Dean Richards admits he was wrong for his role in 'bloodgate'
Dean Richards admits he was wrong for his role in 'bloodgate'

Disgraced former Harlequins coach Dean Richards is sorry he got caught for his role in the 'Bloodgate' scandal which has rocked rugby union, but admits he knows what he did was wrong.

Richards ordered Tom Williams to fake a blood injury in the dying minutes of Harlequins' Heineken Cup quarter-final against Leinster last season.

Williams burst a fake blood capsule in his mouth so that substituted drop-goal specialist Nick Evans could re-enter the field of play.

Former England forward Richards, after discovering Williams had insisted on having his own lip cut to cover up the fabrication, then decided to orchestrate a cover-up, he confirmed in a statement released to Press Association Sport on Wednesday.

Richards was this week banned for three years by a European Rugby Cup disciplinary panel.

Harlequins were fined £260,000 and Williams had a 12-month suspension reduced to four months at Monday's appeal hearing.

In an interview with the Daily Telegraph today, Richards said: 'I am sorry I got caught but at the same time I know now, as I did at the time I resigned, that I did the wrong thing.'

He added: 'I've done something wrong and I've got to pay the price for it. At the time, you have the mistaken belief that you are doing the right thing for the club and the players to win the game.

'I'm also a very competitive person. On this occasion, I asked the physio whether he had some and, when Chris Malone came off (injured), I said I need to use blood.

'The decision was not made at that point, it was made two or three minutes after Tom Williams had gone on when, in my eyes, he wasn't doing enough to enable us to win the game.'

Richards continued: 'I did cheat, I knew it was wrong but I thought it was an accepted practice in rugby. I should have been stronger and not have done it.

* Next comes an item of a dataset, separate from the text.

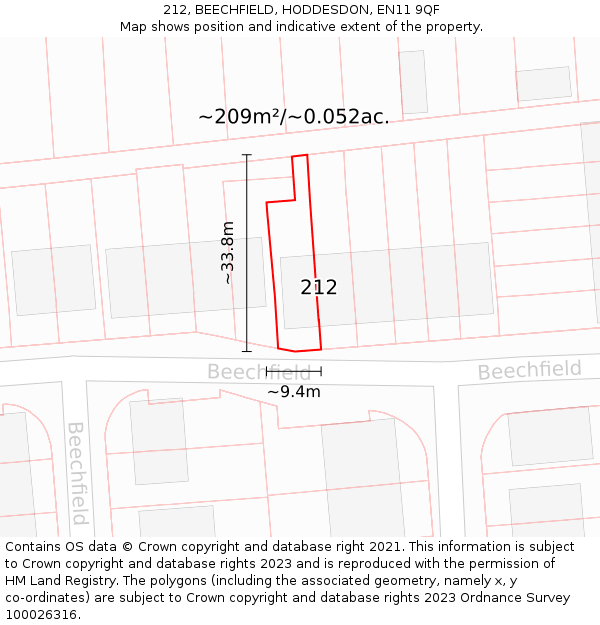 212, BEECHFIELD, HODDESDON, EN11 9QF: Plot and title map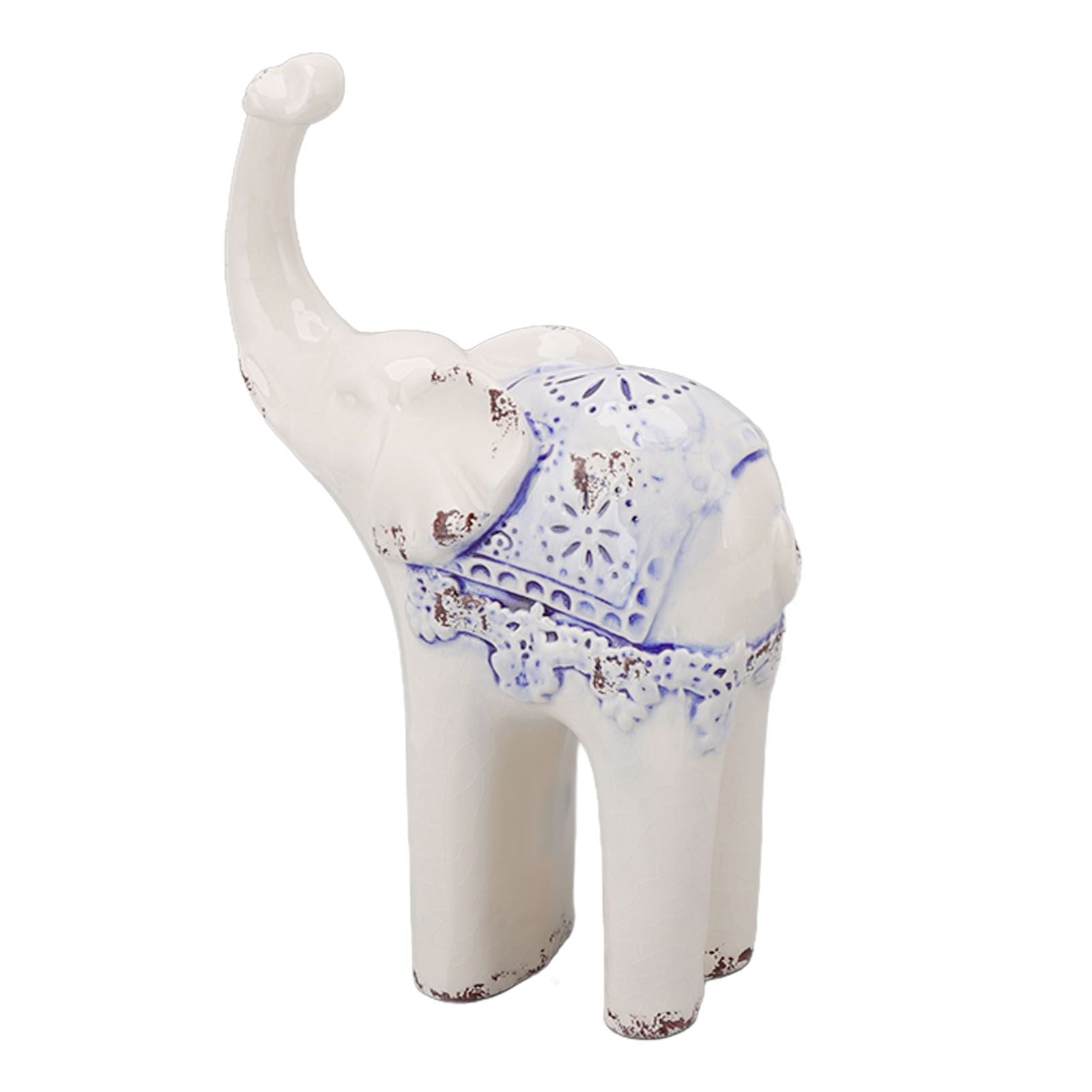Elephant Ceramic Decor Safe Round Slippy Exquisite Porcelain Elephant Sculpture for Home Office Ornament S V1294-YM0512-3115220138311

'Hopefully, there will be a better system for dealing with this. To a point, the people who say that I have damaged the game are right, but it is ironic that the reason we went down the route in the first place was that I didn't want to cut people.'

Richards insists he is not the only coach to make use of fake blood injuries.

'It was quite prevalent and the players felt other teams were having a material advantage by using it and they felt we were missing out,' he said.